Clearly a senior prank, the police were not amused. But they did try to be amusing.
Actually we heard the ‘Senyas’ did this to teach the ‘Junyas’ a lesson for parking in their turf. We take parking lot turf wars very seriously. We ‘the Po Po,’ are in turn teaching 65 of you a lesson. PS: Those are not free ice cream cone coupons to Daddy’s Dairy. Thank you for raising $975 for the town.
They issued $15 tickets to 65 cars. Not quite the end of the world, unless one is concerned about the Braintree police having as much familiarity with memes as reflected by their effort to communicate with the students on their “level.” Thankfully, no emojis were hurt in the making of their Facebook post.
Was this an appropriate use of parking enforcement to turn a high school prank into a teachable moment? What exactly was the lesson? That kids can’t be kids? That the age-old tradition of “senyas” teaching “junyas” who’s BMOC is now criminal? That there will never be any fun in their lives?
As concerns about bullying grew, as well as the authoritarian concerns that kids in school weren’t doing as their zero-tolerance overlords demanded, the word “prank” became a pejorative, an apologist’s word for some conduct that was really harmful, hurtful, destructive, and must be stopped. Conduct that had long been deemed a childish prank was wrapped in criminal language, imbued with malevolent purpose and then treated with extreme prejudice.
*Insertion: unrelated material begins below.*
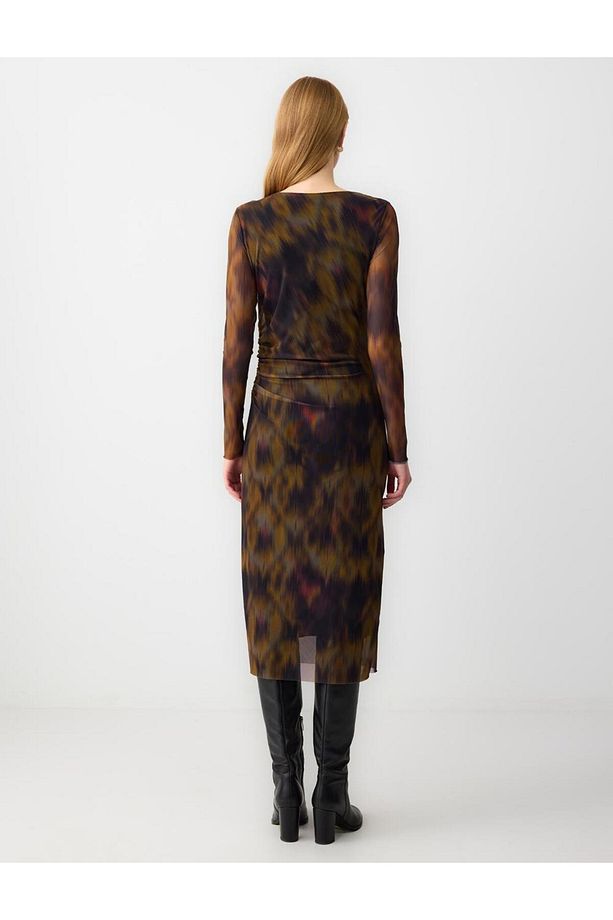 Desenli Dar Kesim Leopar Desenli Mesh Örme Midi Elbise - 6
In Braintree, however, the worst that could be said of the kids’ parking was that it left some others without a spot. No one was touched. No one was ridiculed or embarrassed. No one was harmed. They just had no place to park. As pranks go, this was about as harmless as it gets.
But was it a traffic infraction? Perhaps, according to what the local law is, but it’s really not worth the effort to research. Assuming it was, was this the time and place for the cops to teach the “senyas” they didn’t run the world?
How scared must we make young people of any non-compliance with the law? We used to have a certain appreciation of rebels, with or without a cause, as the embodiment of a spirit of independence. Here, the kids crossed a line and the cops showed them who’s boss. Is that the lesson, that they should never push the envelope, even in jest, again or they will suffer the official consequences?